Very few people in this world make hotel reservations in the land of Grief. We’d much rather “have a nice day” and if there is an occasion where a tear drops from our eye, we often apologize to the people present, as if it were a cause for shame and we’re ruining their nice day.
But if we make that a habit, what do we do when the occasion demands that we cry a river or are overwhelmed with a tidal wave of sorrow? An event like the Birmingham church bombing or 9/11 or the police murder of George Floyd?

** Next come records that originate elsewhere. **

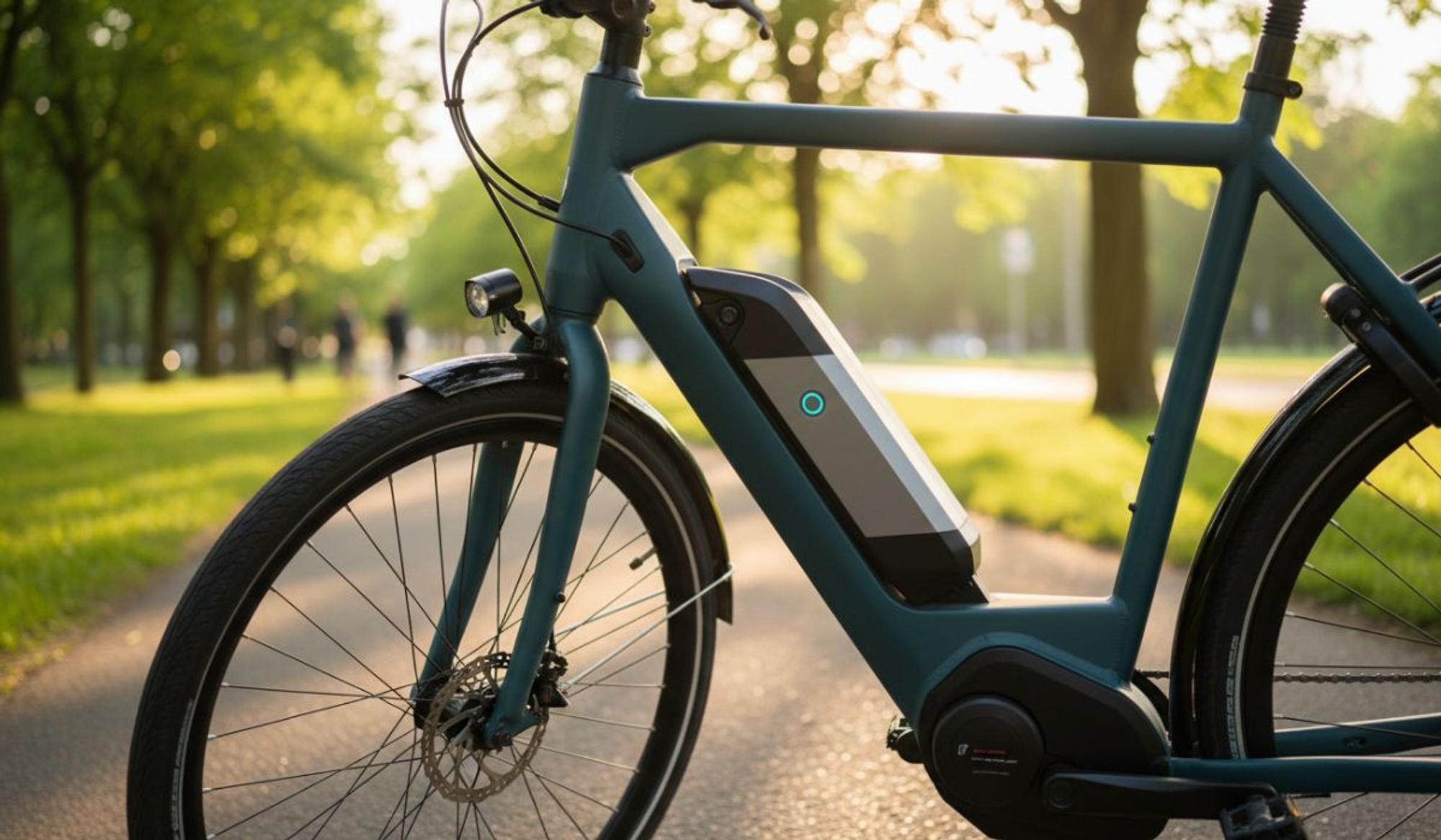 Markenfreies E-Bike mit Akku am Unterrohr auf einem grünen Radweg im Park.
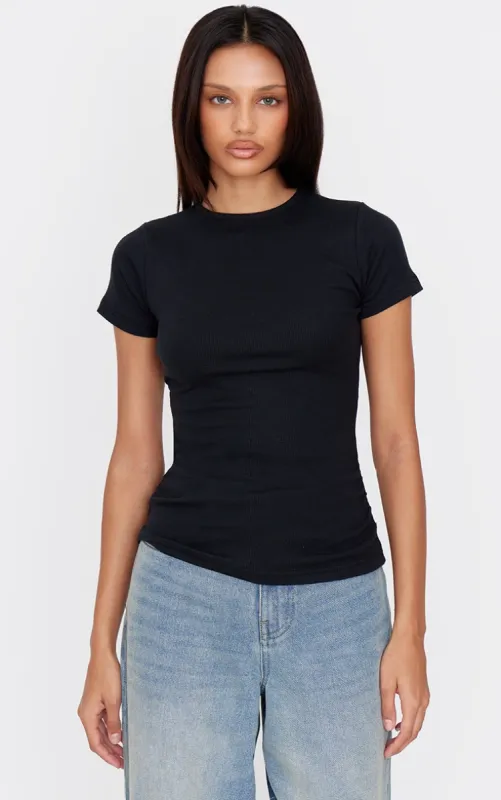 Black Ribbed Knitted Ruched Long Top made by Pretty Little Thing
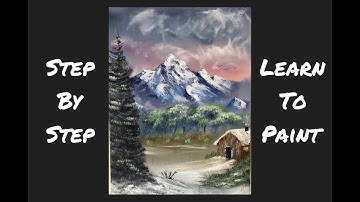 How to Paint a Cabin Landscape Like Bob Ross. Wet on Wet Oil Painting tutorial by Josh Kirkham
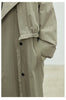 Spring Autumn Oversized Khaki Long Trench Coat for Women Double Breasted Loose Casual European Overcoat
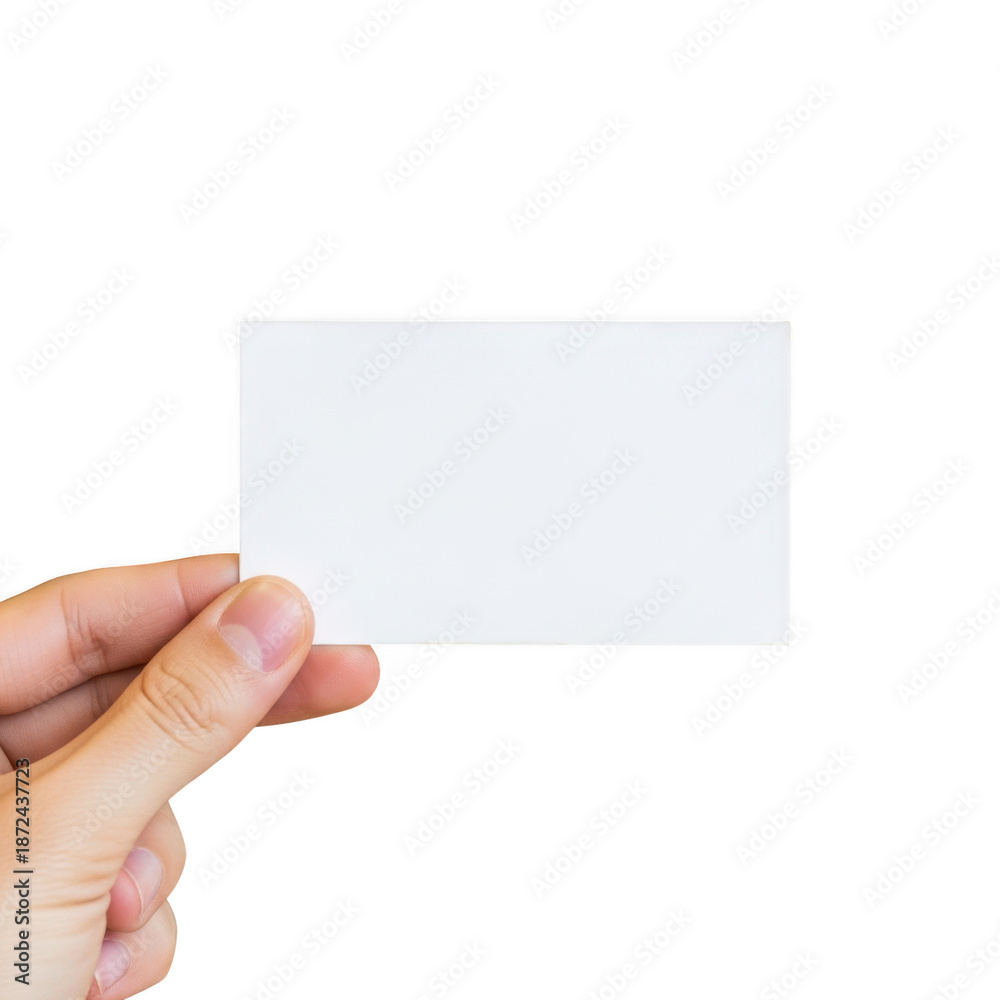 Fototapeta premium Hand holding blank business card isolated on transparent background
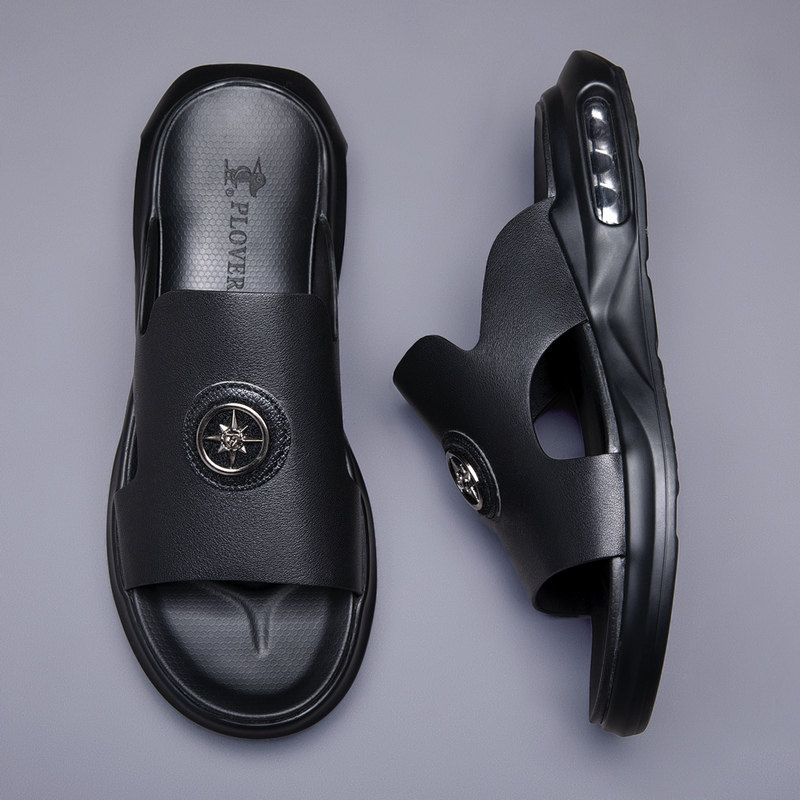 2022 new summer men's sandals first layer cowhide leather word slippers men tide outside wearing trend sandals men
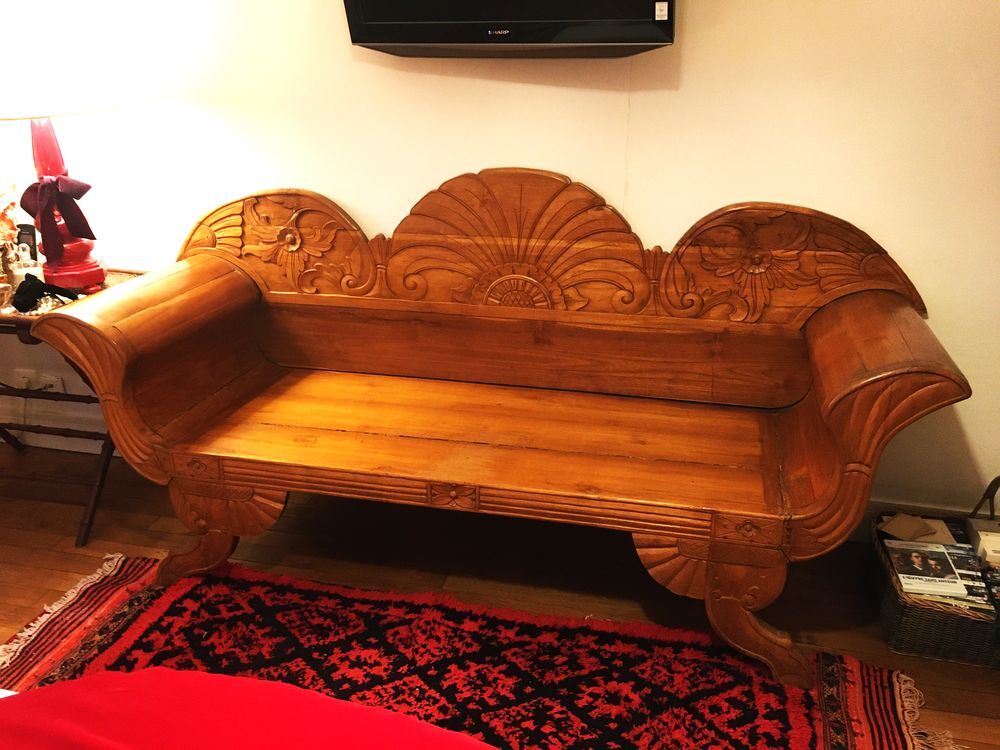 Banquette avec dossier en bois fruitier Meubles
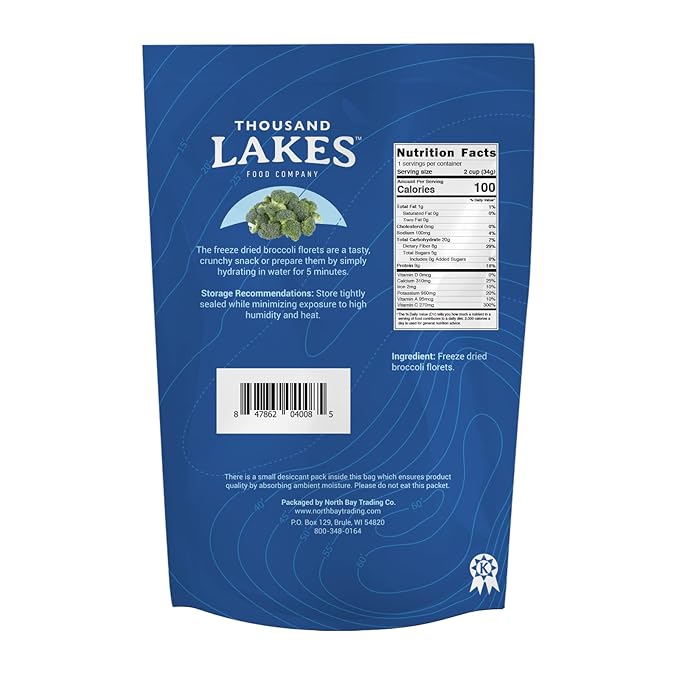Thousand Lakes Freeze Dried Vegetables - Broccoli Florets 2-pack 1.2 ounces (2.4 ounces total) | 100% Florets - No Stems | No Salt Added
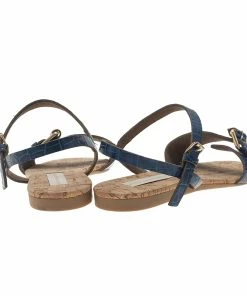 New 😍 Stella McCartney Blue Faux Croc Linda Flat 🩴 Sandals Size 41 For 👩 Women 🌟 -Stella McCartney Shop luxury women stella mccartney used shoes p38718 005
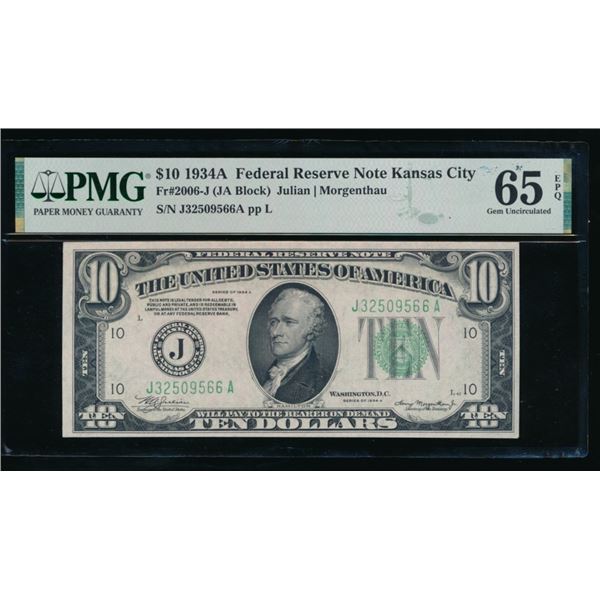 1934A $10 Kansas City FRN PMG 65EPQ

We’ve seen how Nina Simone wrote and sang a song of outrage, how Charles Mingus wrote a composition of protest. John Coltrane was not a singer, but he sure could sing through his tenor saxophone and reach some notes that his voice couldn’t easily reach. His reaction to the 1964 Birmingham act of terrorism was a great grief-cry, a composition called Alabama.
Coltrane was that rare combination of disciplined technician— people say, only half-kidding, that he practiced 25 hours a day— and a soulful spokesperson for Divine Presence in the world. No one knows at the beginning of the path exactly what awaits them, but some simply feel called to follow it no matter where it may lead and to trust their heart to know when they’re on track or off. Coltrane went from the 3-minute jazz blues to the long composition A Love Supreme and people folded up in his volcanic sound were wholly along for the ride.
And so when the community was in grief over Birmingham, some, like social activist Angela Davis, needed to hear the notes that spoke their sorrow and also led them towards hope. As all true artists do, he wasn’t aiming for a predictable effect, simply letting his own anguish cry forth and those that could hear, heard. As might you, when you listen.